Currently, several initiatives are exploring new pathways to market. These initiatives include the EMA Adaptive Licensing Pilot project, the New Drug Development Paradigms (NEWDIGS) initiative at Massachusetts Institute of Technology (MIT, USA), and the UK’s Early Access to Medicines Scheme (EAMS). Parties directly involved with these initiatives, related IMI projects such as IMiPACT and GetReal, and several EU national developments, are joining forces in ADAPT-SMART with the aim of defining and helping to implement the MAPPs concept.

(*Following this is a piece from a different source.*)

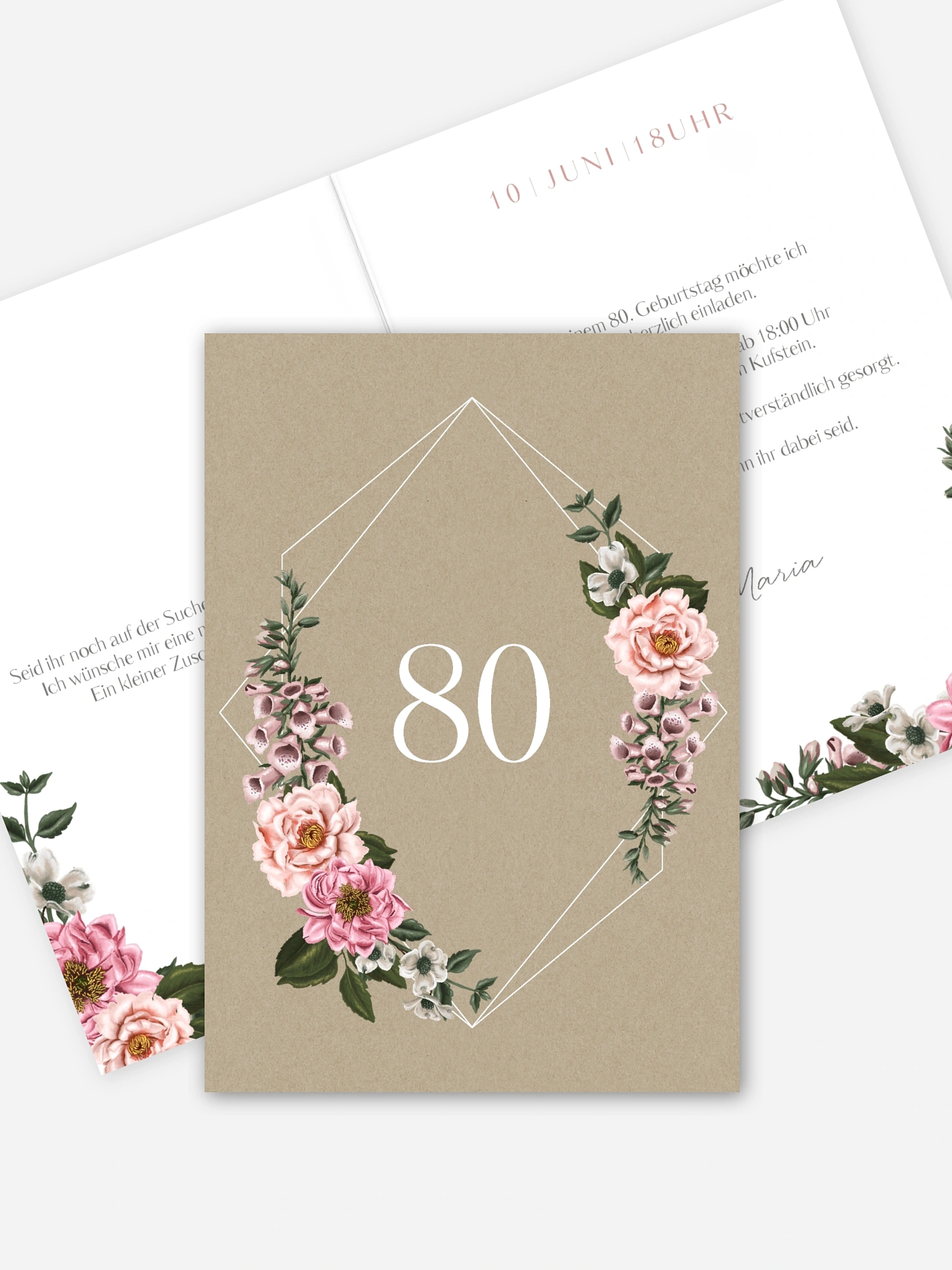 Einladung 80. Geburtstag Florista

ADAPT-SMART is thus aligning a limited number of major stakeholders eager to progress towards MAPPs implementation. The consortium will mobilise its network of additional relevant stakeholders to adequately involve all players in the innovation life span. The ADAPT-SMART Coordination and Support Action (CSA), will act as a neutral collaborative framework to establish the platform that will engage with all relevant stakeholders, including patients, industry, SMEs (Small and Medium sized Enterprises), regulators, Health Technology Assessment bodies (HTAs), payers (national and European Networks), clinicians, governments/policy makers (national authorities as well as European Commission’s DG SANTE and DG GROW, and European Networks).

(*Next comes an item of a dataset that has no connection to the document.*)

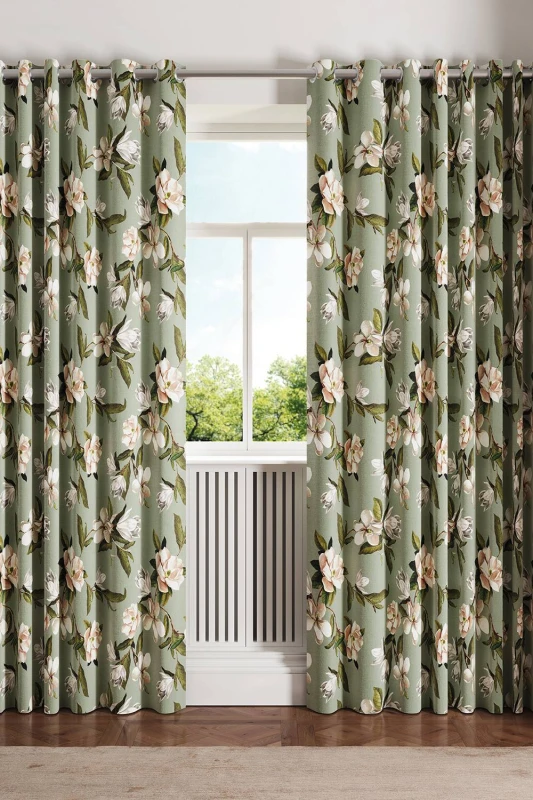 Image of Ted Baker 'Opal Floral' Cotton Lined Curtains in Light Green Size: 228cm width x 228cm drop Light Green Unisex 228cm width x 228cm drop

In addition to engaging in a dialogue with relevant stakeholders, the ADAPT-SMART consortium will contribute to align understanding of the impact of MAPPs, to share learnings between all stakeholders, and to allow the field to actively work towards MAPPs implementation. This will increase the probability of successful innovation and accelerate access to crucial therapies, thus improving the position of both the patients in need of novel treatments and the research-based pharmaceutical industry.